What you should do: With the pictures left out, restate exactly the part below that opens with the line containing "Terrier Dogs Available" and closes with the line containing "Brown/Ivory, variant on".

Material supplied:
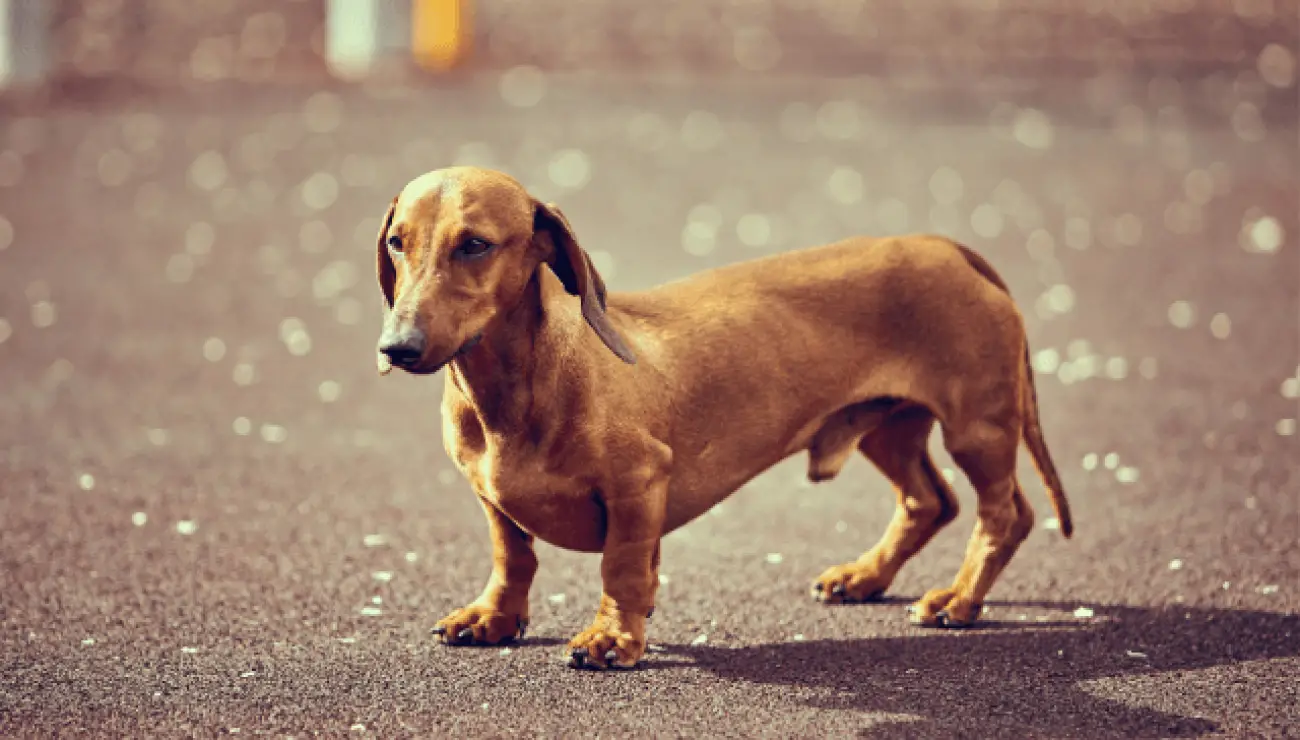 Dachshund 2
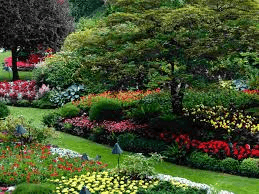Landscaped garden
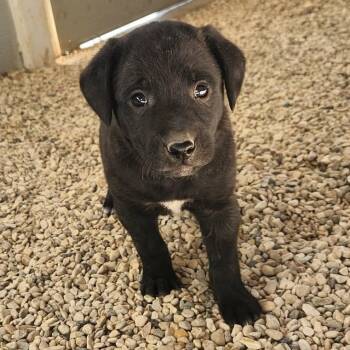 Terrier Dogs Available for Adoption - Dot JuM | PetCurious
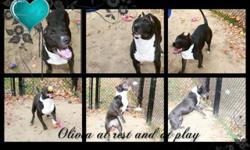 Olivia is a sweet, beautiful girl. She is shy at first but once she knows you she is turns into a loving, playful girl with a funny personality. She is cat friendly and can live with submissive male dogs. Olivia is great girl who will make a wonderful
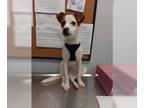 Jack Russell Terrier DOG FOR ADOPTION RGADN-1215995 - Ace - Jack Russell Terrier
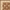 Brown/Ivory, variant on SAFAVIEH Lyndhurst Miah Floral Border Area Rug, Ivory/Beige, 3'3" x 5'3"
* * *
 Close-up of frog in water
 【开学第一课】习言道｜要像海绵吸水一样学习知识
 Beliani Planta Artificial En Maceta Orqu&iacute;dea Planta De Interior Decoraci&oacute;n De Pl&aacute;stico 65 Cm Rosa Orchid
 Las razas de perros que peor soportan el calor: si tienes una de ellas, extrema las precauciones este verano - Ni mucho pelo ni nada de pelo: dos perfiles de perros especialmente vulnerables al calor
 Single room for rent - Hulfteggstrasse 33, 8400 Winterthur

Exercise response:
 Terrier Dogs Available for Adoption - Dot JuM | PetCurious
 Olivia is a sweet, beautiful girl. She is shy at first but once she knows you she is turns into a loving, playful girl with a funny personality. She is cat friendly and can live with submissive male dogs. Olivia is great girl who will make a wonderful
 Jack Russell Terrier DOG FOR ADOPTION RGADN-1215995 - Ace - Jack Russell Terrier
 Brown/Ivory, variant on SAFAVIEH Lyndhurst Miah Floral Border Area Rug, Ivory/Beige, 3'3" x 5'3"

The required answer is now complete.